Gold rebounded as the New Year begins to trade at 1231.50 adding $6.30 this morning after Thursday’s strong gains. Gold has climbed just under $30 since the year started just 24 hours ago. Gold tumbled 28 per cent in 2013 as money-printing by central banks failed to spur inflation, damping demand for a protection of wealth. Assets in bullion-backed exchange-traded products shrank for the first year since the first product was introduced in 2003 as the Federal Reserve said that it will reduce bond purchases this month amid an improving economy. China and India are the world’s largest gold users. There were many investors waiting to enter after the price dropped below $1,200. Short gold holdings, referring to bets on lower prices, jumped almost fourfold from October to Dec. 24, U.S. Commodity Futures Trading Commission data show. Precious metals steadied on Thursday but held near a six-month low touched in the previous session after prospects for a global economic recovery prompted investors to abandon the safe-haven metal. Gold’s gains come after it lost 28 percent in 2013, ending a 12-year bull run and posting its largest loss in 32 years. SPDR holdings moved down by 3.60 tonnes on Thursday to 795 tons. Gold prices are expected to remain higher for the day as year beginning dollar buying and subdued equity markets can push some buying for gold.
Platinum climbed as much as 1.5 per cent to $1,424.88 an ounce, the highest price since Nov. 19, and traded at $1,410.50. The rise extended yesterday’s 2.7 per cent advance, which was the most since October. Silver for immediate delivery rose as much as 1.3 per cent to $20.2828 an ounce, heading for a second weekly gain, and was at $20.1724. Palladium advanced 0.3 per cent to $732.60 an ounce, up 3 per cent and set for the best week since October.

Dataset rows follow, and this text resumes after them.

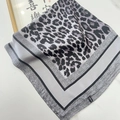 Black and white leopard print square scarf in silk-like polyester on marble background - Leopard Print Grey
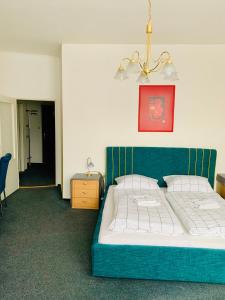 日利纳斯洛文酒店的一间卧室配有一张蓝色床头板的床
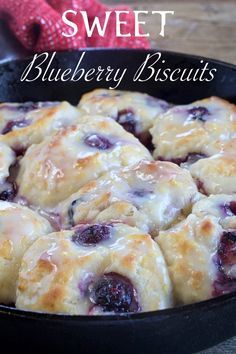 blueberry biscuits in a cast iron skillet with text overlay that reads, sweet blueberry biscuits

Copper eased by 27 points as Chinese data confused traders. Copper is trading at 3.359 remaining well above its trading range in 2013. Copper prices remained in a range for the day as mixed manufacturing data coming from US, Italy and Spain kept the prices in a tight range. A stronger dollar internationally also pressured the copper prices. The metal used in power and construction fell 7.2 percent in 2013 but gained more than 4 percent in December. Today Japanese markets remained shut.